Efforts to employ social distancing at airports will not work because each large aircraft would require a kilometre long queue just to board, the boss of Heathrow has warned.

There simply was not enough space at major international airports for social distancing to provide a solution to safe travel, the airport’s chief executive John Holland-Kaye said.

Writing in Monday’s Daily Telegraph, Holland-Kaye called on prime minister Boris Johnson to agree with other world leaders a “common international standard” – including health checks on departure – that would allow passengers to travel once Covid-19 infection rates dropped.

Holland-Kaye urged Johnson to introduce the agreed standard within a month to allow airports to begin functioning again by the summer.

Unless the aviation sector is up and running “in the next three to five months” then “not only will we see massive job losses in our sector, we will see job losses in many other sectors that depend on us as well,” he warned.

Holland-Kaye warned: “Forget social distancing – it won’t work in aviation or any other form of public transport, and the problem is not the plane, it is the lack of space in the airport. Just one jumbo jet would require a queue a kilometre long.”

He added that “Heathrow is the biggest single-site employer in the country” and warned that thousands of jobs were now at stake.

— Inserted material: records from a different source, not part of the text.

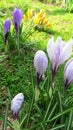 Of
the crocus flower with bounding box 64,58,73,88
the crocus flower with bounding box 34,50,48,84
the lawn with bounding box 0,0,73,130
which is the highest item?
the crocus flower with bounding box 34,50,48,84

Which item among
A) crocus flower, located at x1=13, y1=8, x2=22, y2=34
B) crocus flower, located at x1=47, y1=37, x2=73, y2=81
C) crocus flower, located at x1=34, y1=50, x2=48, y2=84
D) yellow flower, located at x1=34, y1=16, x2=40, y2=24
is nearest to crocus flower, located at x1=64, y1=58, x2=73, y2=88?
crocus flower, located at x1=47, y1=37, x2=73, y2=81

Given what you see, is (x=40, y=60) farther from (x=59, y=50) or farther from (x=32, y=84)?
(x=32, y=84)

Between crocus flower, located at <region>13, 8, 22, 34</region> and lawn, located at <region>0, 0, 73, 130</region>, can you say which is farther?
crocus flower, located at <region>13, 8, 22, 34</region>

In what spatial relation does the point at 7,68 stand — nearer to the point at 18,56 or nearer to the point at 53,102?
the point at 18,56

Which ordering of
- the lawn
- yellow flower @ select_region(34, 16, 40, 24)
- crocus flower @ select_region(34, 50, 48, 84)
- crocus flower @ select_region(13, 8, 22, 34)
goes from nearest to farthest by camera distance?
crocus flower @ select_region(34, 50, 48, 84)
the lawn
crocus flower @ select_region(13, 8, 22, 34)
yellow flower @ select_region(34, 16, 40, 24)

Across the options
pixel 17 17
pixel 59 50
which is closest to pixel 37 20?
pixel 17 17

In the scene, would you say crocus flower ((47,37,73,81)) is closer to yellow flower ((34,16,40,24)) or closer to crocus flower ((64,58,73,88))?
crocus flower ((64,58,73,88))

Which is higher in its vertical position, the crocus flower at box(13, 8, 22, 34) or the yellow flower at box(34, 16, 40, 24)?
the crocus flower at box(13, 8, 22, 34)

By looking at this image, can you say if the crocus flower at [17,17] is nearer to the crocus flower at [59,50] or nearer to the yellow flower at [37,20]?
the crocus flower at [59,50]

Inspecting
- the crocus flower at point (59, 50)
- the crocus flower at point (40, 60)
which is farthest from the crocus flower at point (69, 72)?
the crocus flower at point (40, 60) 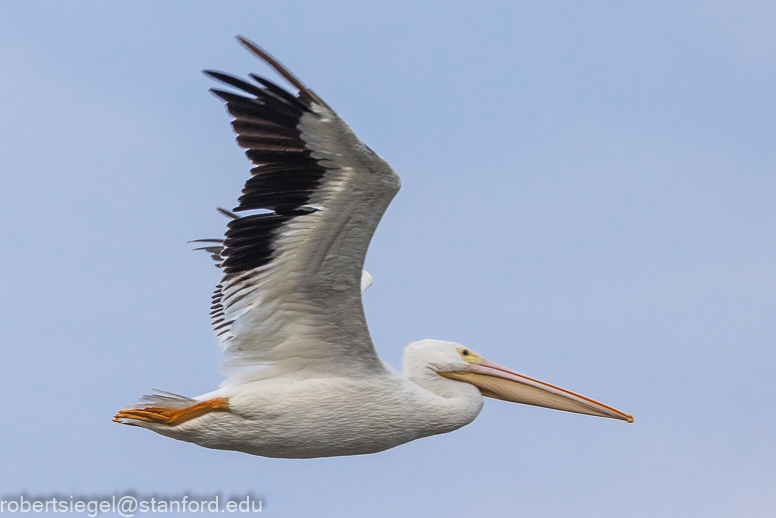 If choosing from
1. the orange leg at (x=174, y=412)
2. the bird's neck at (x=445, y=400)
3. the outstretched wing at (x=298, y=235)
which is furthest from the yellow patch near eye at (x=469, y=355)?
the orange leg at (x=174, y=412)

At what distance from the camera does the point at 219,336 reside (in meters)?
11.2

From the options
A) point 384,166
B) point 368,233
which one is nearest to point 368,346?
point 368,233

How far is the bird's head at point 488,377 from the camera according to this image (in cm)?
1056

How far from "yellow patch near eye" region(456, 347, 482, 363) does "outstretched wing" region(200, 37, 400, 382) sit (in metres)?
1.37

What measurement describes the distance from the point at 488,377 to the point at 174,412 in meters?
3.04

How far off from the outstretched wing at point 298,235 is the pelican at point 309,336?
0.03ft

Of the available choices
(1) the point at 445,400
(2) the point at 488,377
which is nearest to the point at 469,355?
(2) the point at 488,377

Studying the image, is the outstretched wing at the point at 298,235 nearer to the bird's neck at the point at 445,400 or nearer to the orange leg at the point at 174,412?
the orange leg at the point at 174,412

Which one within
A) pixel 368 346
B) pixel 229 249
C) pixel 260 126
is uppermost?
pixel 260 126

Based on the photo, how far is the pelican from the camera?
8.24 metres

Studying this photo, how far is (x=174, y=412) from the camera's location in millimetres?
9523

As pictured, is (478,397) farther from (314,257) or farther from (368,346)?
(314,257)

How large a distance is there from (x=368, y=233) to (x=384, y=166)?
2.05 feet

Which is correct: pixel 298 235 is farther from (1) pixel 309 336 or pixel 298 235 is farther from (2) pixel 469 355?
(2) pixel 469 355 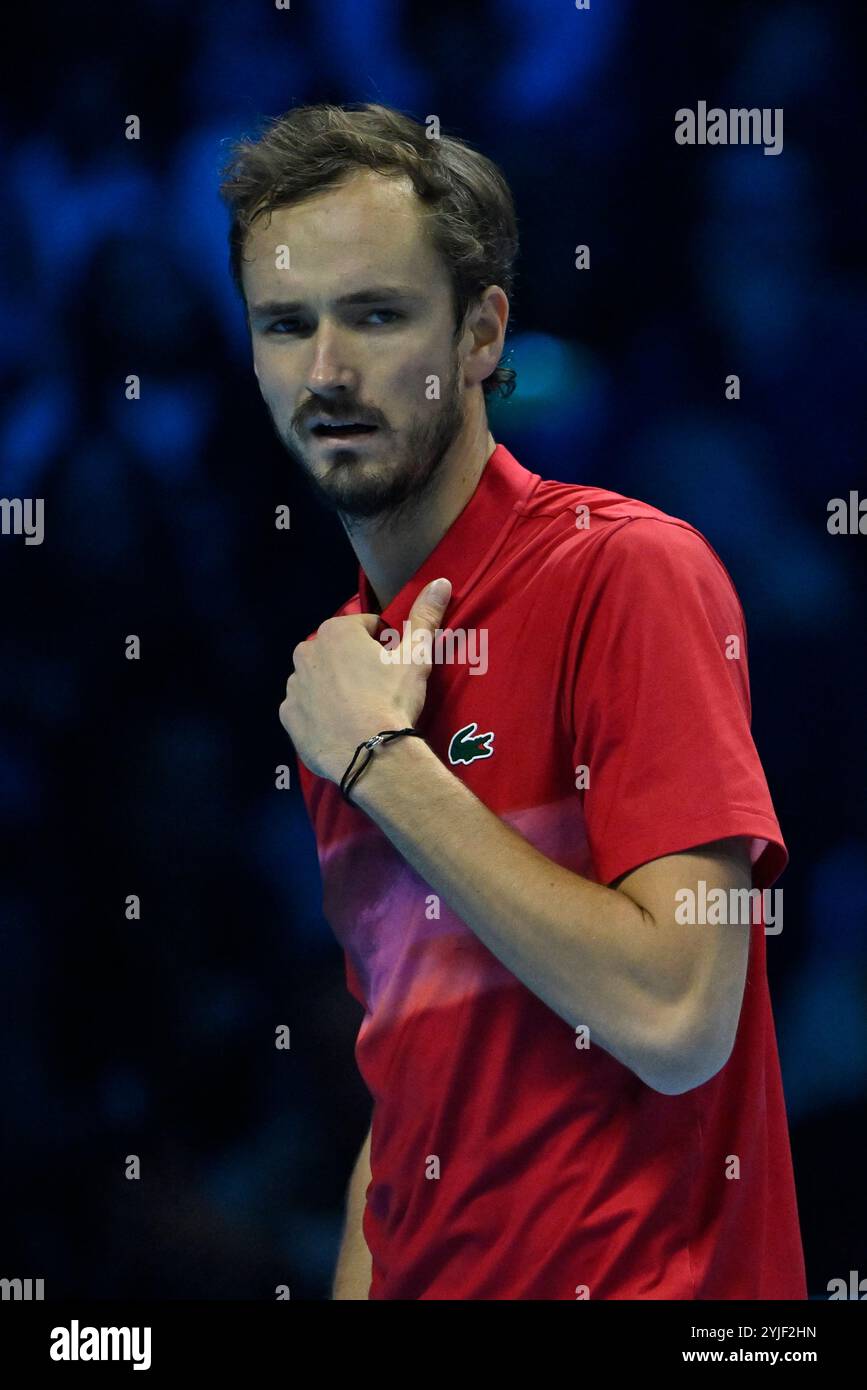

Jobs in other sectors that rely on air travel, including tourism, were also in jeopardy unless airports can begin operating safely, said Mr Holland-Kaye.

He described aviation as “the cornerstone of the economy” and claimed that 40% of UK annual exports are transported on passenger flights from Heathrow.

“If those planes aren’t flying, UK factories can’t get the parts they need and nor can they get their finished goods to market,” he said.

The only way to re-open borders and begin international air travel was “to get the infection rate under control in this country and in others” which he said could take two to four months.

Once that is achieved then “a common international standard for health in travel” was needed that would keep the risk of infection during the journey “very low”.

The new standard for travel could include a mandatory health check at the airport entrance, the compulsory wearing of surgical masks and “fantastic levels of hygiene in the airport”.